# 300 Gallon, what to try



## FootClanSkates (Apr 25, 2004)

I just bought a 300 gallon tank (96x24x30 with overflows), and once it is set up I would like to try to use it for breeding purposes. I've bred angels, discus, convicts, keyholes, acaras, RBPs, and I have become pretty good with providing good conditions for them. (parameters, daily water changes, home made foods, etc.)

Now, does anyone have any suggestions on what could be some potential piranhas to breed? I know the chances are slim to none if it is not nattereri, but I would still like to try.

I was thinking possibly central brasilian spilos, caribe, or piraya. I'm still very undecided, and I haven't ordered anything yet, but I have some of each I listed here.

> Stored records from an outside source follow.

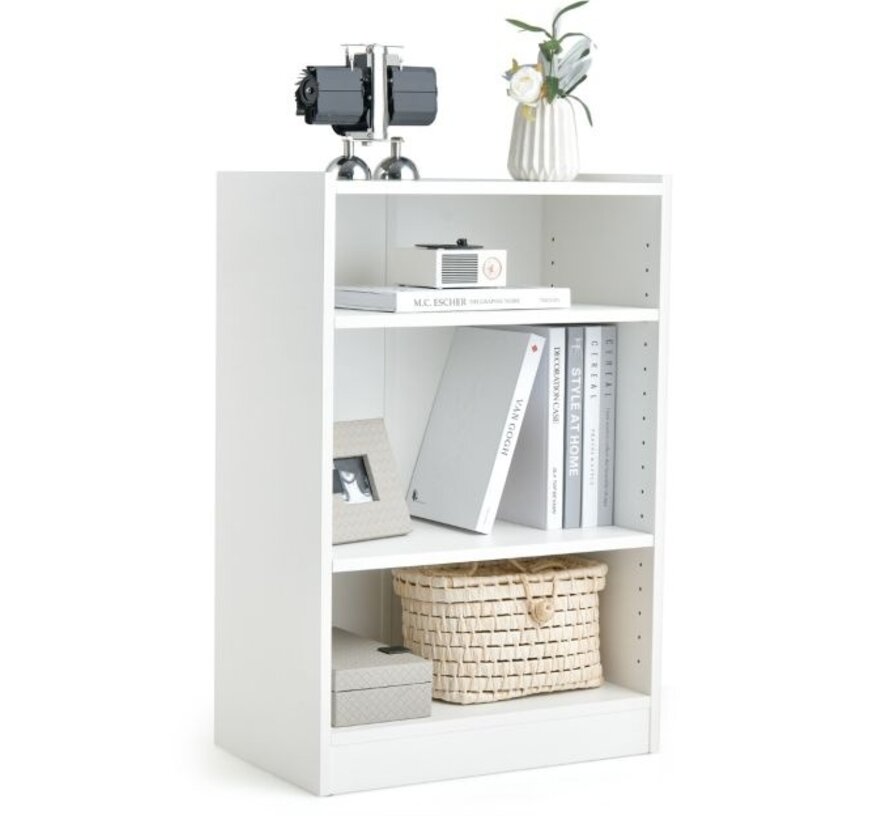 Coast Bookcase Standing Rack with 3 Compartments Shelf with Adjustable Shelves 30 x 50 x 75 cm White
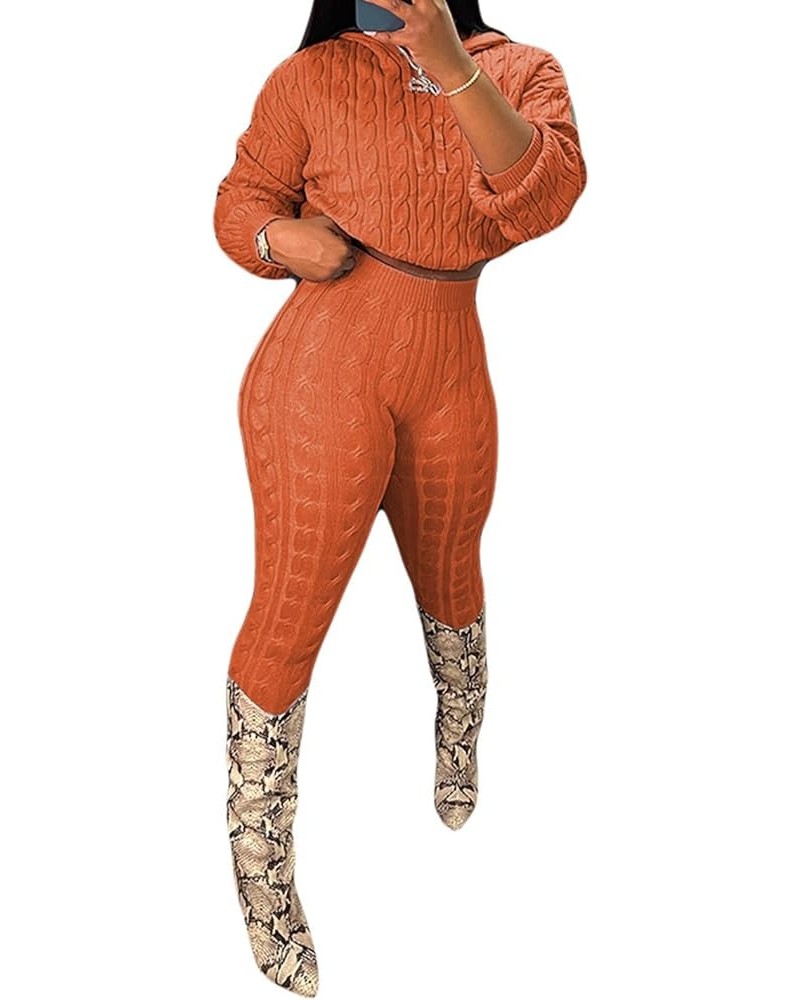 Womens Fall Knit 2 Piece Outfits Sweater Shirt Top and Bodycon Pants Casual Jumpsuit Romper Plus Size Cn-orange $19.27 Active...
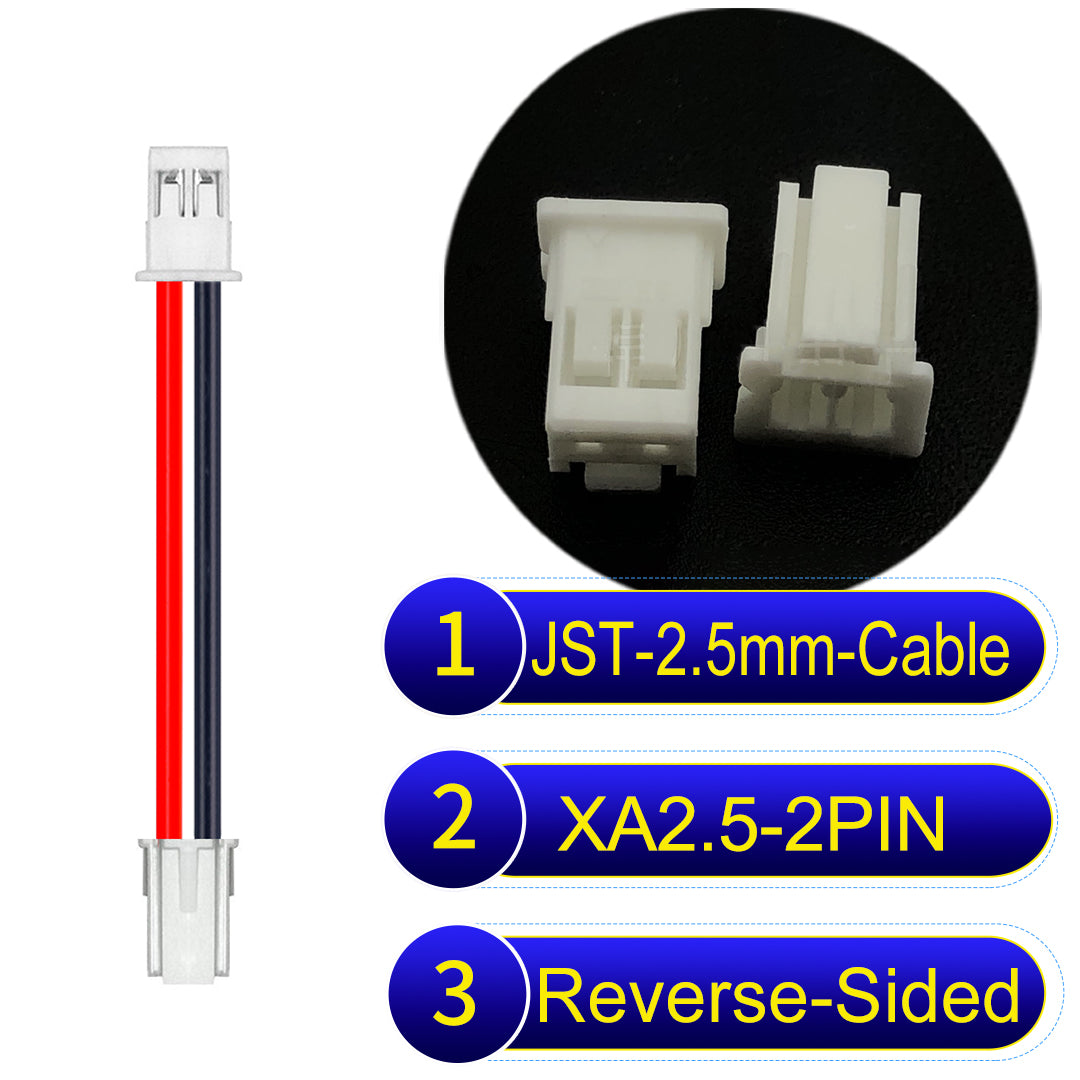 JST XA 2.5mm 2Pin Reverse-Side-Head cable with 22AWG copper wire and UL1007-certified PVC, suitable for home appliances, automotive electronics, etc.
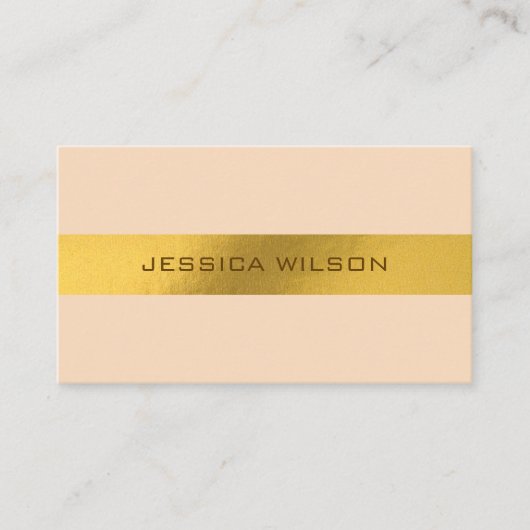 Chic light orange pastel gold frame business card 名刺 (正面)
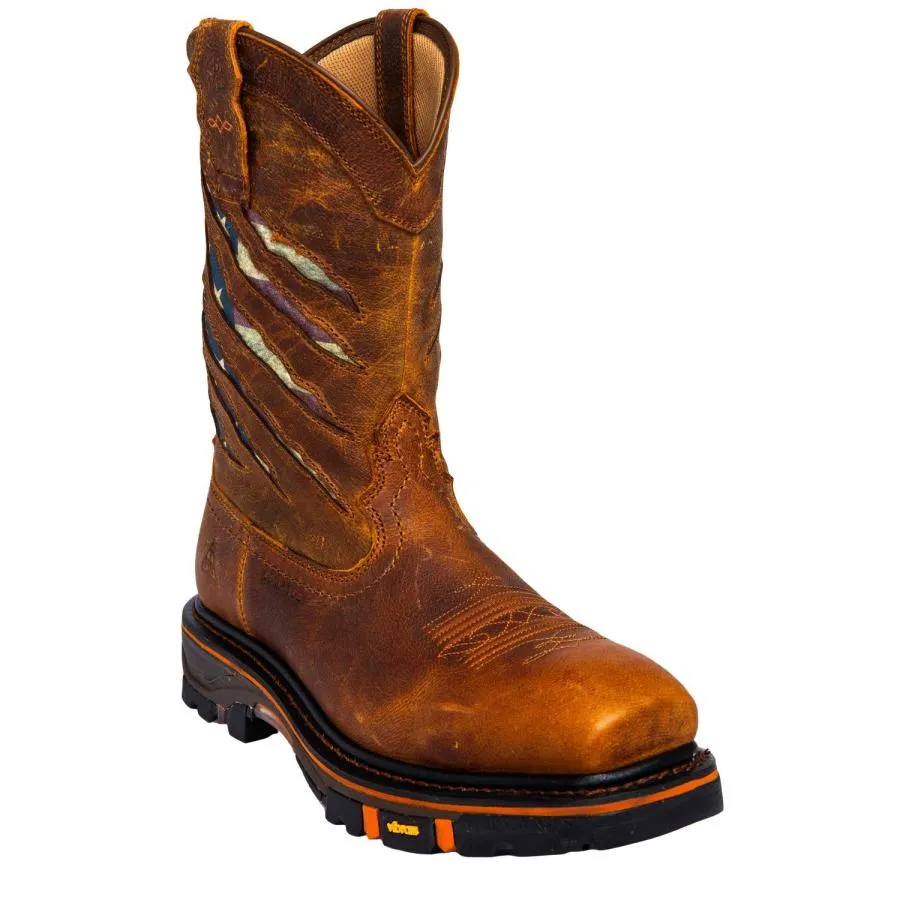 【並行輸入品】Cody James Men's Flag Cowboy Work Boot Nano Composite Toe Brown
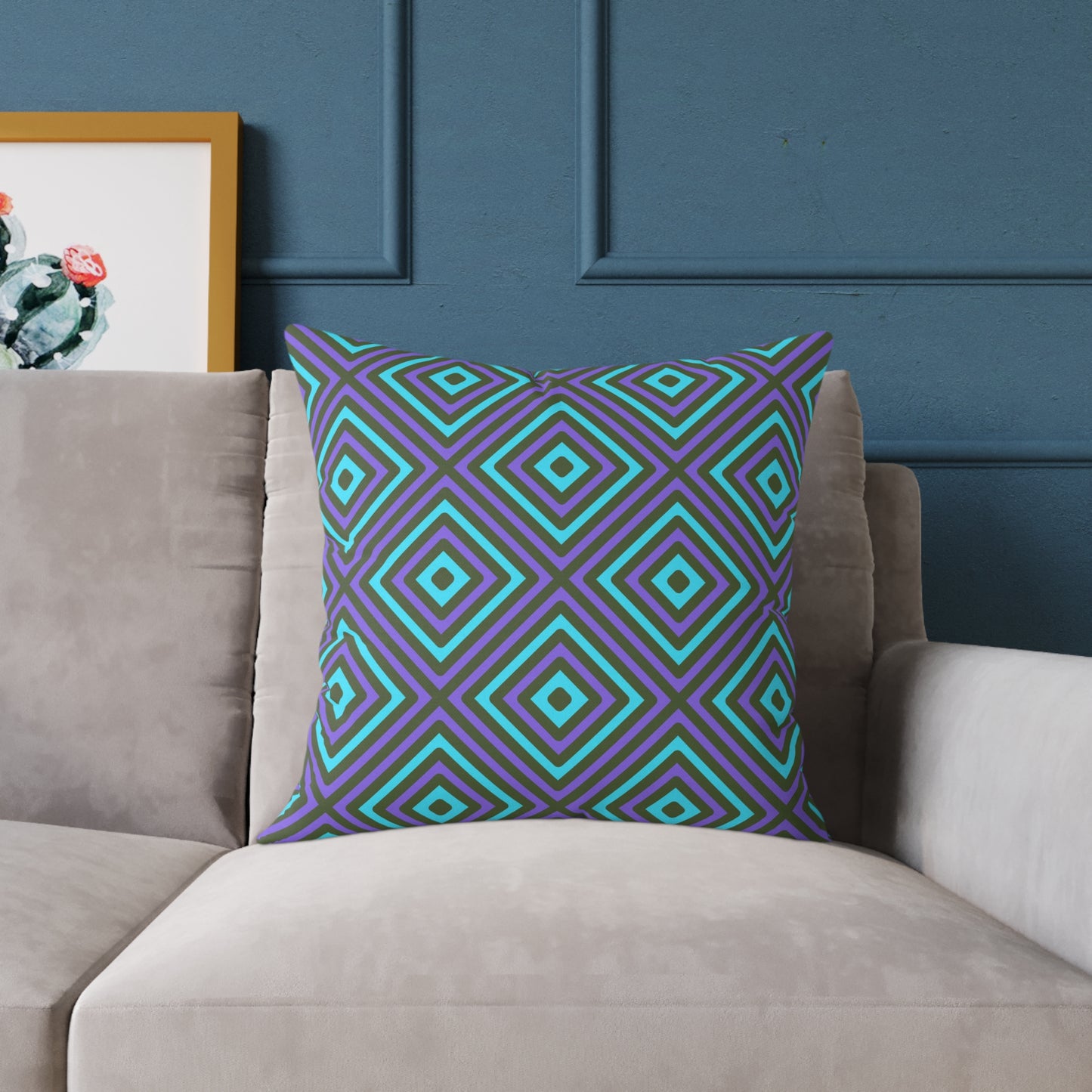 Teal & Purple Geometric Diamond Pattern Square Pillow | Modern Throw Pillow, Cozy Living Room, Stylish Bedroom Accent, Unique Gift Ideas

I will be decorating the tank accordingly, depending on what type of fish I decide to get. So, anyone have any suggestions on what could be a good candidate?


----------



## mashunter18 (Jan 2, 2004)

I know where you can get 9 nice cariba


----------



## FootClanSkates (Apr 25, 2004)

mashunter18 said:


> I know where you can get 9 nice cariba
> 
> 
> 
> ...


haha, maybe if you could help me out a little on the price. Maybe a trade for some 6" piraya? Let me know.


----------



## timmy (Mar 29, 2004)

I wanna see pics of this!


----------



## mashunter18 (Jan 2, 2004)

timmy said:


> I wanna see pics of this!
> 
> 
> 
> ...


He posted some pictures of the tank a week or so ago, probually just now setting it up.


----------



## CTREDBELLY (Apr 8, 2005)

i would love o breed my own caribe or piraya. one of these days i will


----------



## bmpower007 (Feb 11, 2005)

Wow.that will be amazing breeding caribes or Piraya's give it a try.


----------



## CautioN1919 (Jun 17, 2005)

CTREDBELLY said:


> i would love o breed my own caribe or piraya. one of these days i will
> [snapback]1098598[/snapback]​


 You'd get rich !


----------



## taylorhedrich (Mar 2, 2005)

CautioN1919 said:


> CTREDBELLY said:
> 
> 
> > i would love o breed my own caribe or piraya. one of these days i will
> ...


Definately try cariba. You would get really rich! Especially because not many pet stores carry cariba. Here is an excellent article on OPEFE about breeding caribas that I was just reading a few days ago.
~Taylor~


----------



## HyBrid (Feb 25, 2005)

wow sounds awesome!!!
big money in teh cariba...


----------